Job Submission
There are two basic ways to submit jobs to SLURM:
- Interactive - In this method you get an allocation of resources and then login to the node directly and use it interactivly
- Batch - In this method you submit you job with a job script defining all of the steps you want to accomplish. This method is best for mass quantities of jobs that you have already tested.
Interactive Job Submission
salloc
runs an interactive job on the cluster. You can request a shell to run
commands or submit a script or app interactively.
Example usage:
[smy190@ip-10-37-171-122 ~]$ salloc --nodes=1 --ntasks=1 --cpus-per-task=8 --time=1:00:00 --partition=g6-xl --gres=gpu:1 --mem=16GB --job-name=interactive-test
salloc: Granted job allocation 464
salloc: Waiting for resource configuration
Note: On the AWS Cluster, nodes have to be provisioned behind the scenes before the job can be dispatched. This can take ~5 min.

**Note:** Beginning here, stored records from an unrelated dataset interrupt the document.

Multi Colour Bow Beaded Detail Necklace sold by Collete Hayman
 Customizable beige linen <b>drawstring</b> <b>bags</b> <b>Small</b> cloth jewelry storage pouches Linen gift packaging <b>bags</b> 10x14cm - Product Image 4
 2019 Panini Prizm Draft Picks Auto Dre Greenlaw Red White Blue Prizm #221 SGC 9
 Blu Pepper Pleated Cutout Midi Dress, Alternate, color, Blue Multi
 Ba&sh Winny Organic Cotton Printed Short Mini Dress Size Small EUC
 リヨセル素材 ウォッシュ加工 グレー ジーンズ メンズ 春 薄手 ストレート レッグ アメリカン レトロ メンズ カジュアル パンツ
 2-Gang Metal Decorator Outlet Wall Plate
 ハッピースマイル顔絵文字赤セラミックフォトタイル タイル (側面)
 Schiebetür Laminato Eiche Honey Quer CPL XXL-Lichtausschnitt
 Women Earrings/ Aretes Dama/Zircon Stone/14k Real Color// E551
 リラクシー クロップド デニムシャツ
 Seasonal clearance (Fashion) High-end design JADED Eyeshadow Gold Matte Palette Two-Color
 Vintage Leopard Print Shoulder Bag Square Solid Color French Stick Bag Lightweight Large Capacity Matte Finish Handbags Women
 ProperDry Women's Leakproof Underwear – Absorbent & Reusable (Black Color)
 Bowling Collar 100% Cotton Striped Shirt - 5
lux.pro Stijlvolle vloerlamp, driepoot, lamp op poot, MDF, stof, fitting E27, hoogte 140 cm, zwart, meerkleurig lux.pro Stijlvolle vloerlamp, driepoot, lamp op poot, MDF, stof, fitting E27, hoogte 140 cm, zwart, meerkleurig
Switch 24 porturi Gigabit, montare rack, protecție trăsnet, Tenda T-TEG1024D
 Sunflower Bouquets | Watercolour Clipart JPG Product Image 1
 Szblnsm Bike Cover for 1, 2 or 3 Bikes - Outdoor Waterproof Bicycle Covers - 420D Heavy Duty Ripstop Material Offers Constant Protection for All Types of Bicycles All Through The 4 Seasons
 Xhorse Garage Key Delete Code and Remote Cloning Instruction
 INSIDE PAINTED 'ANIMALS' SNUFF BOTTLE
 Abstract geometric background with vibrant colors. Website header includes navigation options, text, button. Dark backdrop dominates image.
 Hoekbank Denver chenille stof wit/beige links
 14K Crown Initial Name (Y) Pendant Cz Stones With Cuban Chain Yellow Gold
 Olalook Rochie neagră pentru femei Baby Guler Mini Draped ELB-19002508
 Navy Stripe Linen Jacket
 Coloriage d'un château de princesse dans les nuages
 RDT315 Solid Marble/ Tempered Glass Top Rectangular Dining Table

The command line arguments describe the job configuration, and are listed in detail on the slurm website.
See full salloc docs on the slurm website
Batch Job Submission
sbatch
submits a script to be run as a batch job on the cluster. This allocates
a job, similar to salloc, but you do not get a shell into the job and cannot
(easily) control the job once started.
Before running sbatch
, you must define a script. E.g. nano my_slurm.job
. Below is an example job script.
Job Script Example
Note: There are may useful SLURM environment variables. Consider using these in your job script.
#!/bin/bash
#SBATCH --job-name=my_job # Job name
#SBATCH --output=%x_%j.o # Output file (%x expands to Job name, %j expands to job ID)
#SBATCH --error=%x_%j.e # Error file
#SBATCH --ntasks=1 # Number of tasks (processes)
#SBATCH --cpus-per-task=4 # Number of CPU cores per task
#SBATCH --mem=4G # Total memory per node
#SBATCH --time=00:30:00 # Time limit (hh:mm:ss)
#SBATCH --partition=urcdtest-med # Partition name
# Load necessary modules
module load openmpi
# Run your application
python my_script.py
The #SBATCH
directives describe parameters used to allocate and configure the job.
E.g. #SBATCH --nodes=1
tells the scheduler to allocate one node for the job.
These are mostly identical to the command line options for salloc. output
and
error
list files where STDOUT and STDERR will be written, respectively. The
symbol %j
in the output and error file names will be replaced by the job
number and %x
will be replaced by job name.
Submit the job
sbatch my_slurm.job
Job Dependencies
Submit a job that starts only after another completes:
sbatch --dependency=afterok:JOBID my_dependent_job.slurm
This line schedules my_dependent_job.slurm to start only if JOBID finishes successfully.
Advanced Tips
- Resource Optimization: Adjust --cpus-per-task and --mem according to your job's requirements for optimal resource use.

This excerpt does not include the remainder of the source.